A review by kaarna
The Wellness Syndrome by Carl Cederström, Andre Spicer

4.0

3,5 stars, mainly for content. It was not badly written but the main point for me was the idea of the wellness syndrome and its effects on society.

I was really inspired by some of the chapters. I enjoyed reading critique on mindfulness, self-monitoring, and firm-based wellness programs. I would criticize the authors' experience and knowledge on fat acceptance, or rather the lack of knowledge on body positivity. The movement, I feel, has long since moved on from fat acceptance to body positivity, and it is therefore unwise to write about the former without including the latter. This, in turn, made me question the authors' knowledge on barebacking culture, though I can't claim to have enough knowledge on that myself to judge their knowledge level.

But these last two things were only used as examples of resistance of the wellness syndrome in the last chapter before the conclusion. The main chapters themselves were wonderful. The ones criticizing the hype around wellness, search for happiness in all cost, or using all your life searching for ways to be more productive. And explaining how this all tied in with neoliberal capitalism and its values and valuelessness. How politics can be made empty so that everything is personal and nothing is political, so that your only way of making any changes is to make changes to your own body.

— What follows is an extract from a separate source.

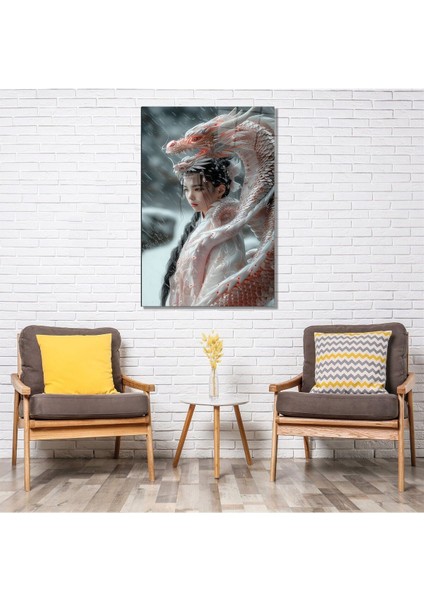 Kar Altında Efsane Cam Tablo Hediyelik Büyük Tablo Ev Ofis Dekoru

And still we have to fight for bodily autonomy, especially for women, trans people, disabled people and sex workers. *While* we fight capitalism and liberalism. While we fight to keep things political, to keep the political decisions and their consequences reported, to keep people informed, and to keep them/us motivated enough to keep on fighting. To keep them/us believing in the power we have to change things.

Well, this has long since ceased to be a book review. I think someone can read this book from a less political point of view, too. I can't.